A schematic diagram of an example of this fuel cell is shown in FIG. In the figure, reference numeral 1 denotes a solid electrolyte plate having a cathode 2 on the upper surface and an anode 3 on the lower surface. 4 is a separator made of the lanthanum chromite ceramic of the present invention, and 5 is an external output terminal made of the lanthanum chromite ceramic of the present invention, which is formed with grooves constituting the air flow path 6 and the fuel flow path 7. Yes. The separator separates air and fuel, and also serves to electrically connect the cathode 2 and the anode 3 of the adjacent unit cells. The external output terminal is a member that forms an air flow path or a fuel flow path at both ends of the integrated unit cell and that is electrically connected to the anode or the cathode. Although FIG. 1 shows a fuel cell in which two unit cells are integrated, three or more unit cells can be integrated through a separator.
[0037]
The lanthanum chromite ceramic of the present invention can be produced by a conventional ceramic production method.
For example, first, a powder mixture in which a lanthanum source, a strontium source, a chromium source, and a substitution metal source of the group B are mixed at a predetermined ratio is temporarily set at a predetermined temperature, generally 1000 to 1600 ° C, preferably 1000 to 1200 ° C. Baking to obtain a calcined powder. The calcining time is usually 1 to several tens of hours, preferably 1 to 10 hours. Calcination is performed in an oxygen-containing atmosphere, usually air. The pressure during calcination may be atmospheric pressure.
[0038]
Next, the desired ceramics can be obtained by forming the calcined powder by pressure molding or the like and firing it.
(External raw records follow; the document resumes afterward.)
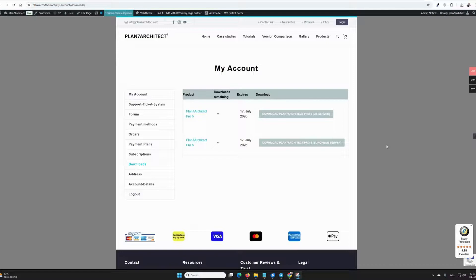In this video, it is shown how to download and install Plan 7 Architect after purchase.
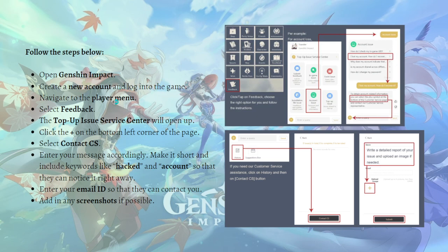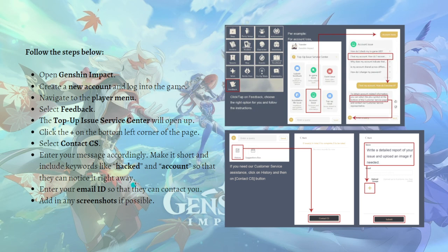To contact support, open Genshin Impact and create a new account, then log into the game. Navigate to the player menu and select the feedback section. The customer service center will open. Click the plus sign at the bottom of the screen, and select 'Contact Us'. Enter your message, keep it short, and include keywords like 'hacked' and 'account' so they can notice it right away. Enter your email so they can contact you, and add any screenshots if possible.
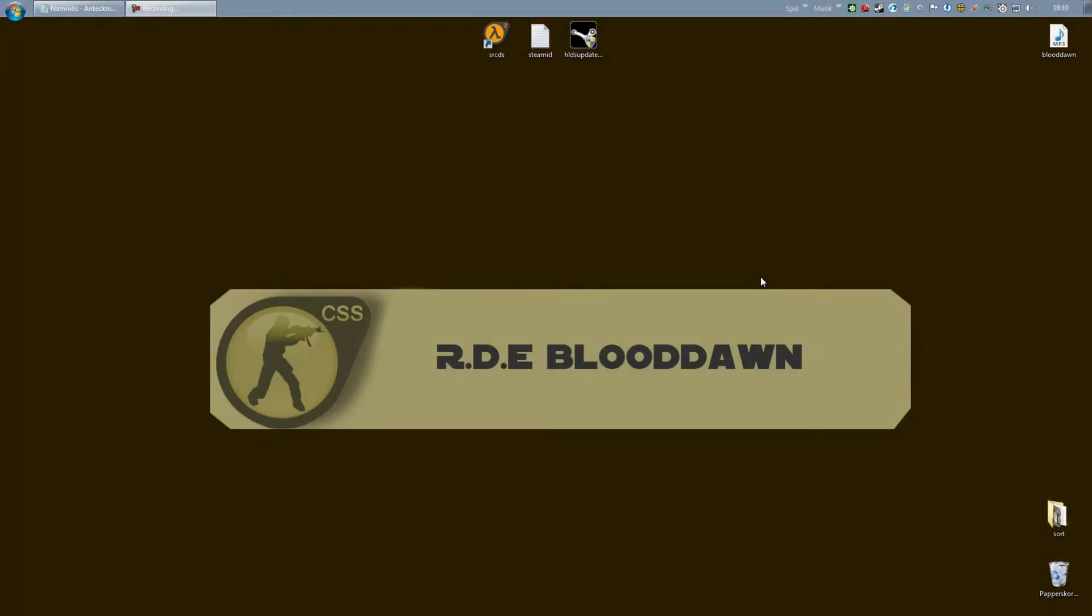Alright, this is Blood on Sweden back again with another Source mod add-on plugin tutorial. This time I will show you a very simple welcome sound plugin. Quite self-explanatory - it means when a client connects to your server, a sound that you specify will be played for that player.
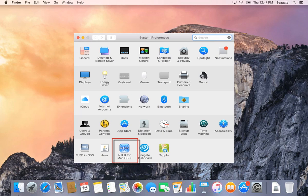Once the computer is restarted, you will see the NTFS for Mac OS X in your System Preferences, and you will be able to have read and write access to the external drive.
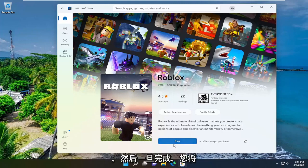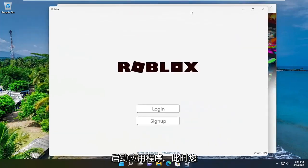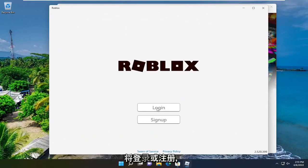And then once it's done, you would select the play button and it would launch the application. And you would either log in or sign up at this point.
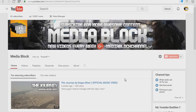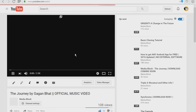Hey guys, welcome back to Media Block. Today I'm going to be showing you an awesome feature on YouTube — it's not new, but it's not known to a lot of people. I read about it on forums and wanted to share it with my viewers because it's pretty helpful. Let's go ahead and jump into one of my videos — let's jump into 'The Journey', it's a music video.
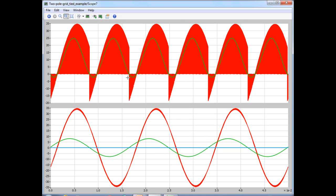These are the simulated waveforms. The top plot shows the instantaneous DC link current in red and its cycle-by-cycle average in green, which we have seen in the previous simulations. The bottom plot shows the grid current in red along with the control voltage VC, which is scaled by a factor of 10 in order to see it clearly along with the grid current. It is the product of VC and the grid current which gives the average DC link current, the green waveform in the top plot.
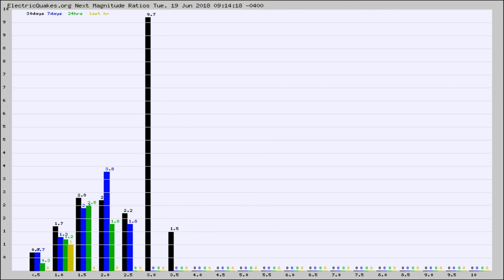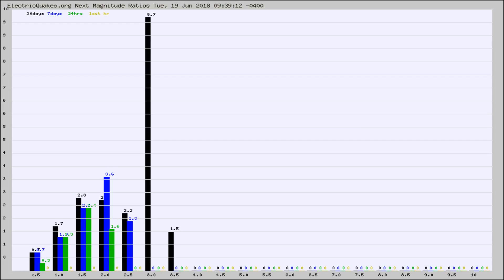And now you're seeing the same thing for just the subset area in California. Again, the black column is 30 days, blue is 7, green is 24 hours, and gold is in the last hour.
The firing temperature is usually 1300 ° C. or higher, preferably 1500 to 1700 ° C., and the firing time is usually 1 to 10 hours, preferably 1 to 5 hours, depending on the shape of the molded body, and firing is an oxygen-containing atmosphere. Usually done in air. As the pressure during firing, a dense sintered body can be obtained at normal pressure, but may be under pressure.
[0039]
【The invention's effect】
The lanthanum chromite ceramic of the present invention has a dense and good conductivity, low temperature dependence of thermal expansion coefficient, small dimensional change rate, excellent dimensional stability, etc. It is useful as a conductive material, and can be easily prepared with high density in the atmosphere.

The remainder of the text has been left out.